When it comes down to it, driving a campervan isn’t that different to driving a car. You don’t need a special licence (unless it exceeds the weight limit for cars) and driving a campervan is really easy to get used to. There are, however, certain little differences you need to be aware of. They may seem obvious, but you’d be surprised how many people don’t think about the little things, such as:
Campervans are taller than cars. Many drivers of hired campervans forget this when entering height restricted car parks, or trying to park under the branches of trees. Returning your campervan to the depot with holes in the roof isn’t advisable if you care about your deposit. A good way to avoid this is to memorise the height of your campervan and be on the lookout for height restriction signage. (Check out road and traffic signage Highway Code questions if you’re unsure about these signs).
A campervan’s height also means that it will be more affected by strong crosswinds, making it less stable than your average car. You might see this sign warning you of areas with strong crosswinds. The best way to deal with this is to slow down, especially around corners. If the wind is extremely strong, it would be better to stop the campervan entirely and wait until the gusts subside.

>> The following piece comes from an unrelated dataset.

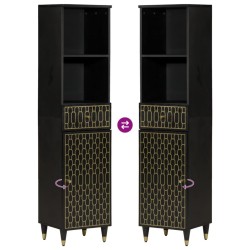 Armoire de salle de bain 38x33x160 cm bois massif de manguier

Campervans are longer than cars. This makes both turning and parking more difficult, and you might find that certain streets in historic town centres simply can’t cope with a vehicle the size of a campervan. It is also harder to find appropriate parking spots in the first place. Even if, for example, your campervan is short enough to enter a multi-storey car park, it may not be wise to do so, as a campervan is tricky to handle in confined spaces, especially as you will not be able to see behind you. At all times, you will need to make sure that your campervan is not sticking out too far.
Many places have designated campervan parking spots, but you will most likely have to consult the local tourist information centre or website to find them.
Campervans are larger and heavier than cars. It is important to consider the campervan’s greater stopping distance and the fact that it may sink into muddy grass. Also, the larger a campervan is, the higher its centre of gravity is; the higher its centre of gravity is, the more likely it is to fall onto its side. This makes performing sharp manoeuvres in a campervan (such as avoiding an obstacle in the road) more dangerous than in your average car. Therefore you need to be extra cautious when turning.
Furthermore, the weight of the campervan means that the brakes will overheat more quickly than your average car’s on long downhill stretches. To combat this, the driver of the campervan should change down one or two gears to use engine braking.
Campervans are not off-road vehicles. Driving a campervan off-road can result in damage to its underside and is a good way to get it stuck, resulting in an embarrassing rescue. As a side note, driving on a beach counts as off-road. In fact, some campervan hire companies will restrict their customers from driving their campervans on unsealed, gravel roads, though most will allow it, albeit with certain restrictions. You will need to consult the individual company on their conditions.
Even if a road is tarmac, if it looks to be particularly narrow or windy – and especially if it is both – then you might want to find an alternate route.
The majority of campervans are diesel. The accidental pumping of petrol into a diesel vehicle is a comically common occurrence – one that you think will never happen to you. But what if you are on holiday, driving long distances with your mind focused on other matters? It pays to keep a mental note of which fuel type will not destroy your campervan’s engine. If, however, the unthinkable happens and you realise in time, don’t start the engine.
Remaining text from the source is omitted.